- _Problem to solve_
Below are records; the lines starting at the one with "Bocskai-felkelés (1604 -1606)" and ending at the one with "240Z Vibrant Titanium" must be reproduced exactly, both included. Pictures must not appear.
++++ Source material ++++
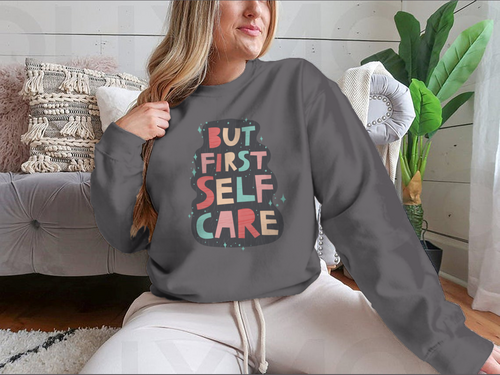 But First Self Care Lettering Design for Sweatshirt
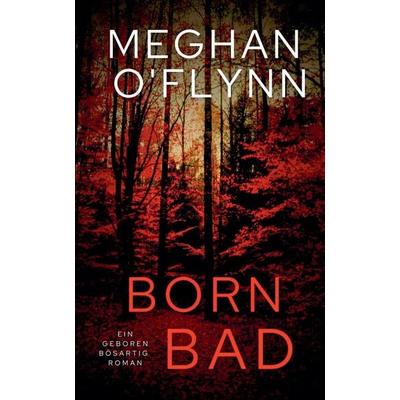 Born Bad, Taschenbuch von Meghan O'Flynn; Ediciones Rubí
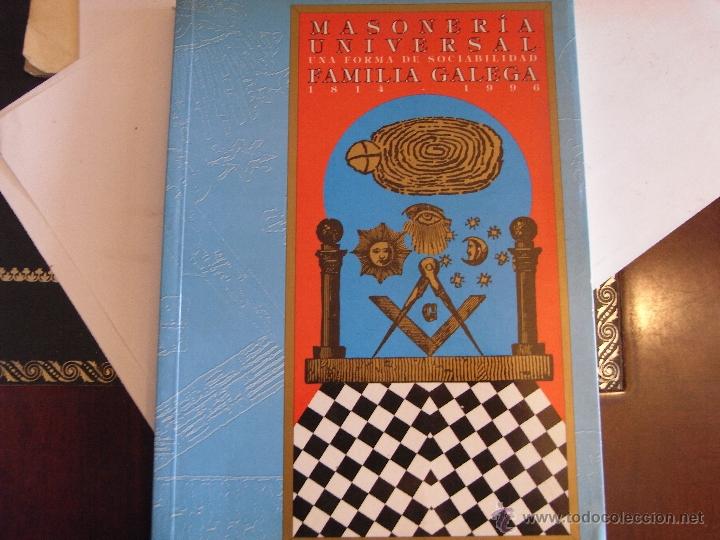 Libros de segunda mano: Masoner&iacute;a universal. Una forma de sociabilidad. Familia Galega 1814-1996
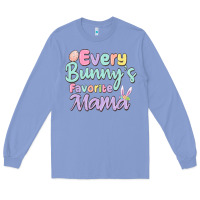 Colony Blue every bunny's favorite mama Long Sleeve Tee - MaliasSmallBusiness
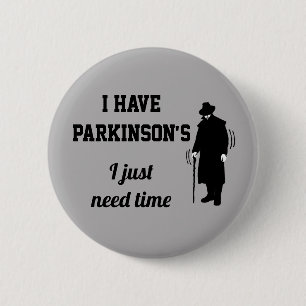 Ich habe Parkinson, dass ich einfach Zeit brauche. Button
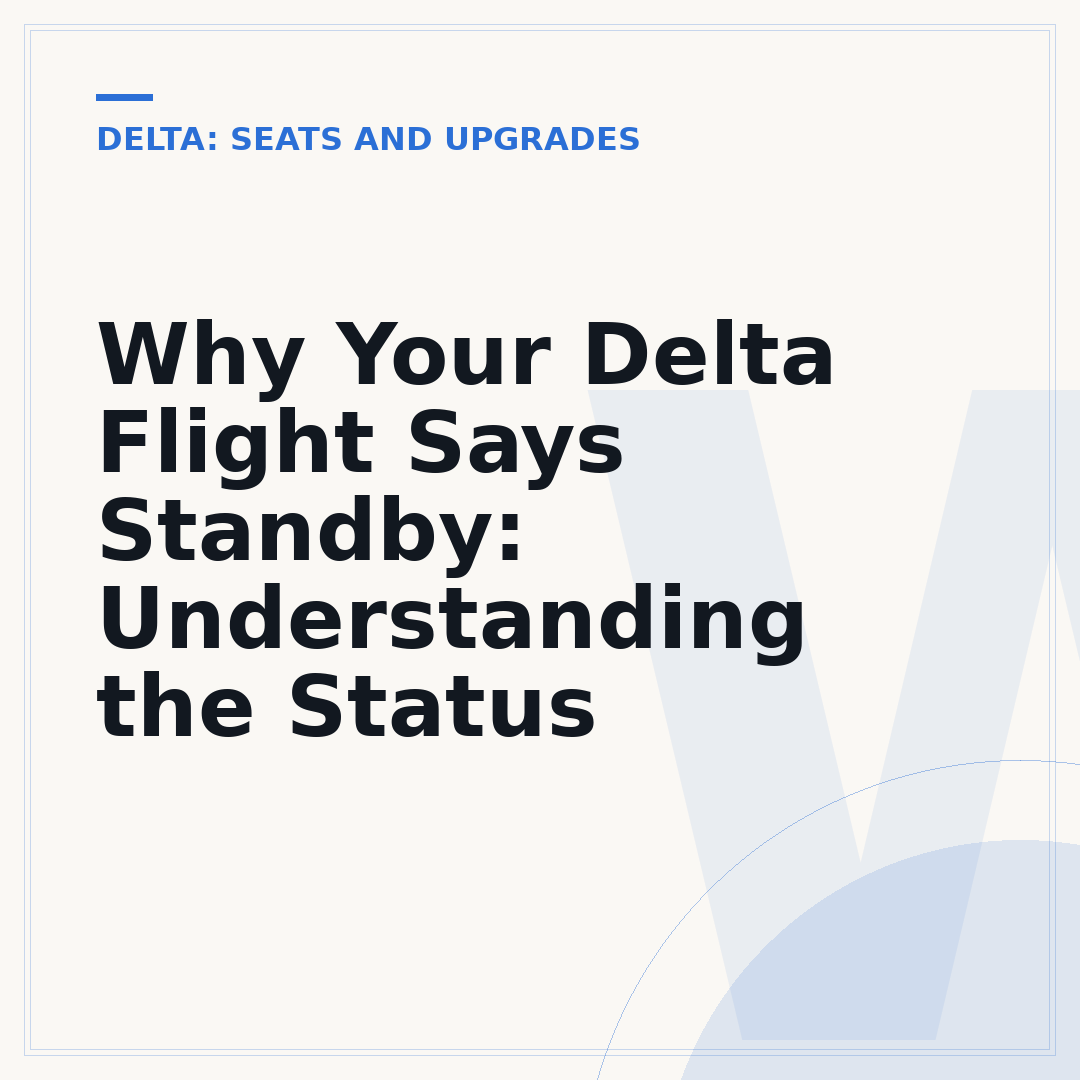 Why Your Delta Flight Says Standby: Understanding the Status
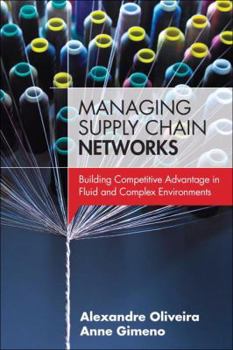Hardcover Managing Supply Chain Networks: Building Competitive Advantage in Fluid and Complex Environments Book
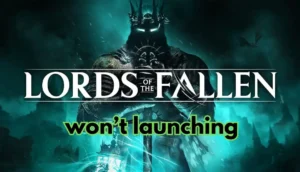Lords of the Fallen Not Launching:Easy fix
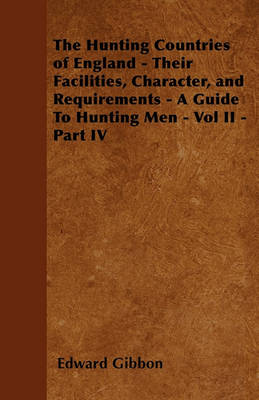 Book cover for The Hunting Countries of England - Their Facilities, Character, and Requirements - A Guide To Hunting Men - Vol II - Part IV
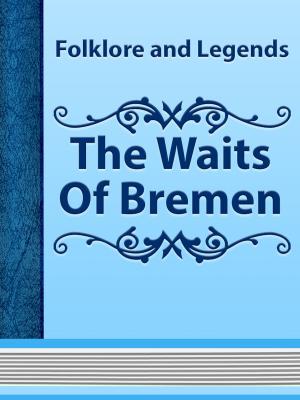 Cover of the book The Waits Of Bremen by Grace James
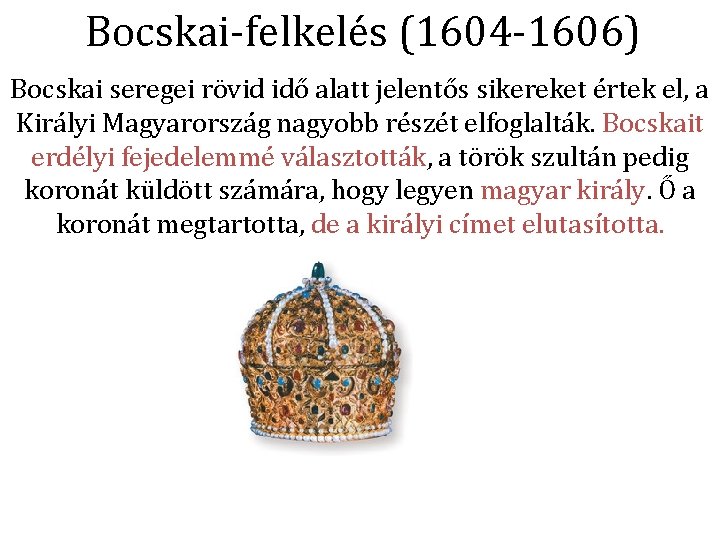 Bocskai-felkelés (1604 -1606) Bocskai seregei rövid idő alatt jelentős sikereket értek el, a Királyi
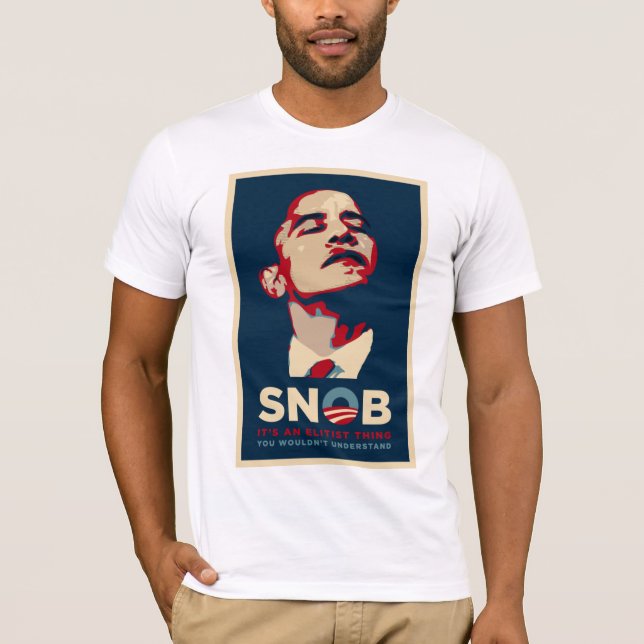 SNOB + Obamas Freunde - besonders angefertigt T-Shirt (Vorderseite)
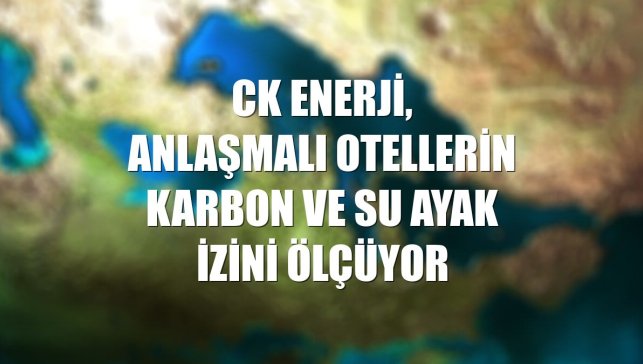 CK Enerji, anlaşmalı otellerin karbon ve su ayak izini ölçüyor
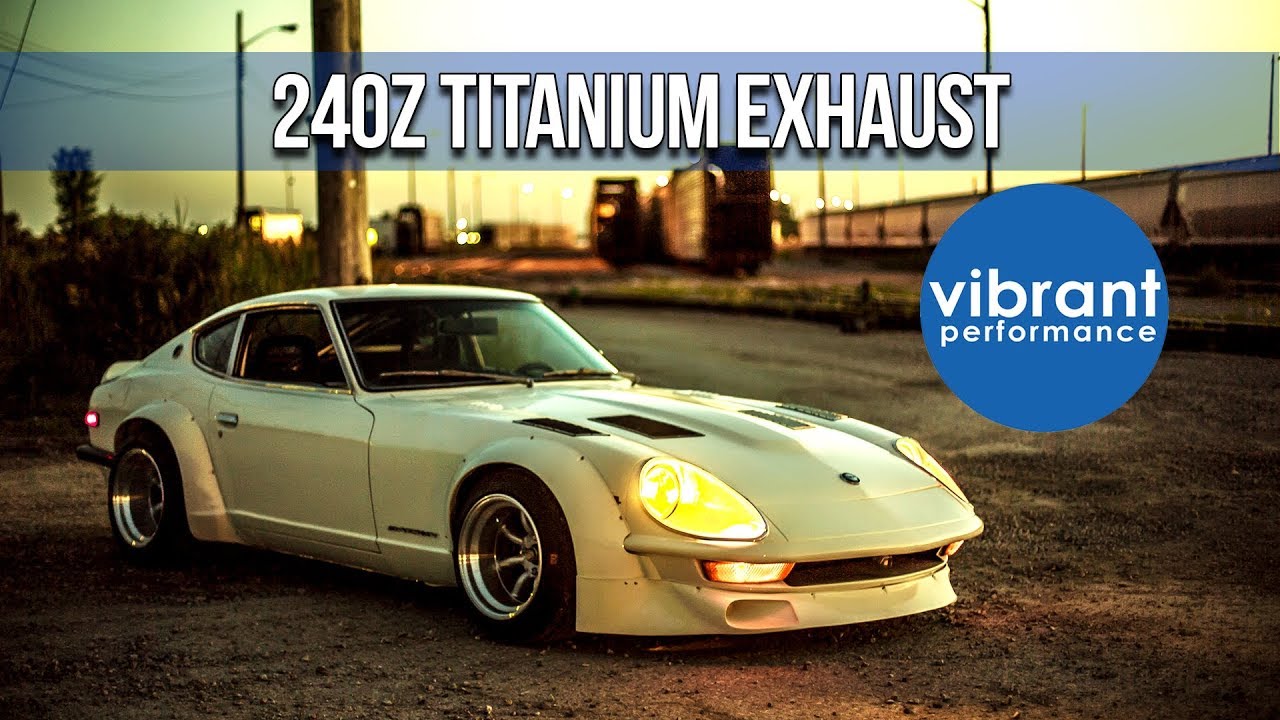 240Z Vibrant Titanium Exhaust with Raw Engine Sounds!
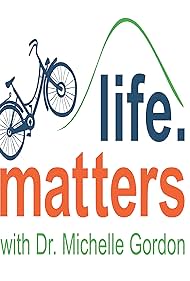 Life Matters with Dr. Michelle Gordon (2016)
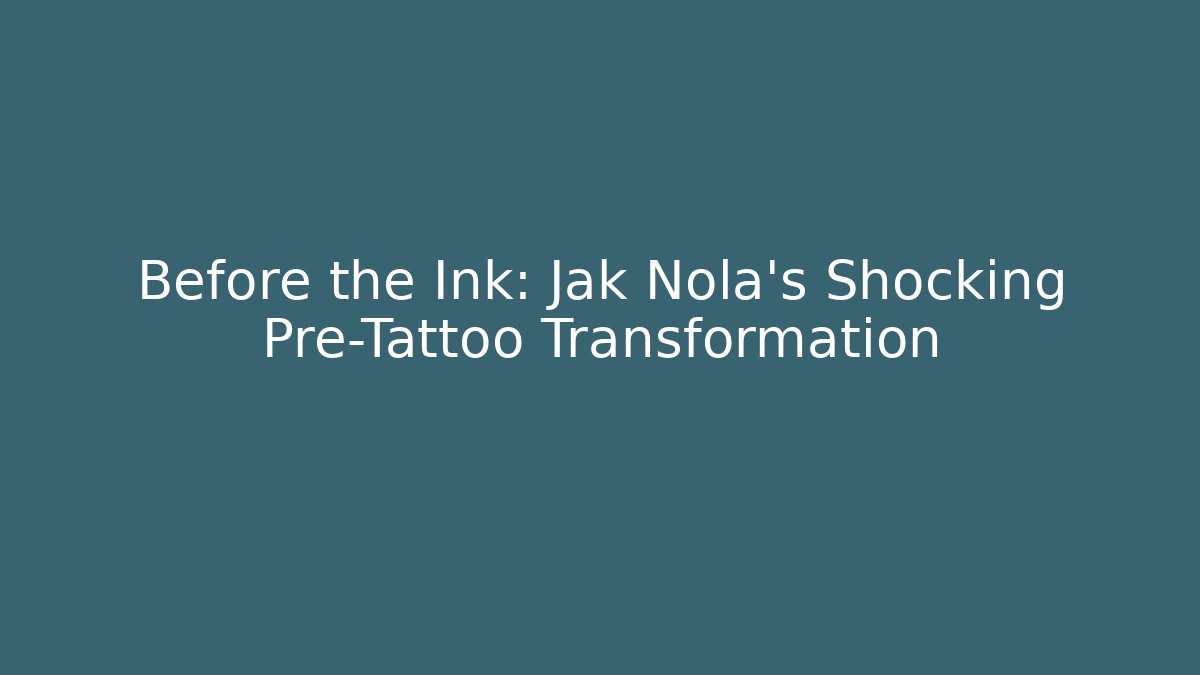 Before the Ink: Jak Nola's Shocking Pre-Tattoo Transformation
++++
- _Answer space_
 Bocskai-felkelés (1604 -1606) Bocskai seregei rövid idő alatt jelentős sikereket értek el, a Királyi
 SNOB + Obamas Freunde - besonders angefertigt T-Shirt (Vorderseite)
 CK Enerji, anlaşmalı otellerin karbon ve su ayak izini ölçüyor
 240Z Vibrant Titanium Exhaust with Raw Engine Sounds!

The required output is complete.